Lowering of crude oil prices the likely outcome of the Iran nuclear deal will contribute positively to the Indian economy, across the oil and gas value chain barring domestic upstream players, said India Ratings and Research (Ind-Ra).
A decline in oil prices could lower LNG prices as the two are linked and this is likely to benefit end-consumer industries such as fertiliser and petrochemicals.
Oil refiners will benefit by way of lower crude oil prices as imports from Iran will be more cost effective than imports from Africa, Latin America and Venezuela among others. Post the agreement and lifting of sanctions on Iran, lower insurance and transportation costs are likely to reduce the overall landed cost of Iranian oil in India.
Domestic public sector upstream players may benefit from a lower subsidy burden if the quantum of under-recovery and hence subsidy declines. However, the benefit of lower subsidy could be offset by lower realisations that public sector units would face because of a decline in crude prices.

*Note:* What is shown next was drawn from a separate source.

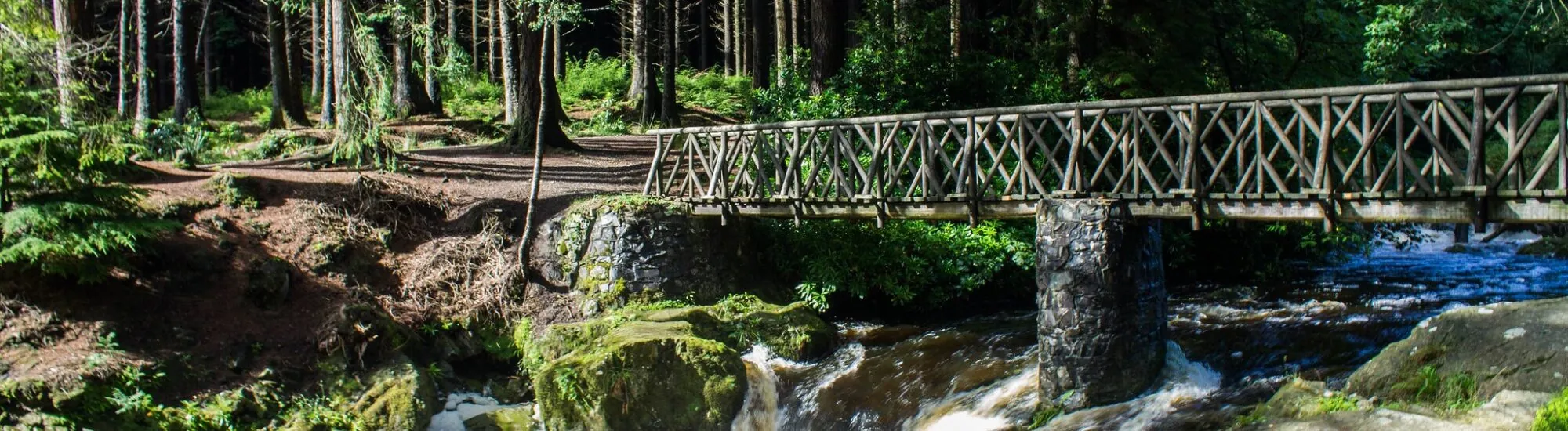 Le Tollymore Forest Park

The lifting of sanctions could also help revive investments by ONGC Videsh Limited in Farzad-B gas field, which could entail investments of nearly $7 bn. Additionally at some stage, talks on the $4 bn Iran-India gas pipeline could restart.
India also had plans of buying 5mt of natural gas per year under a deal signed in 2005, between National Iranian Gas Export Company and India's Gas Authority, Indian Oil and Bharat Petroleum.
The resumption of these projects and deals will lead to higher supplies and lower prices which will benefit Indian corporates which rely on oil and natural gas.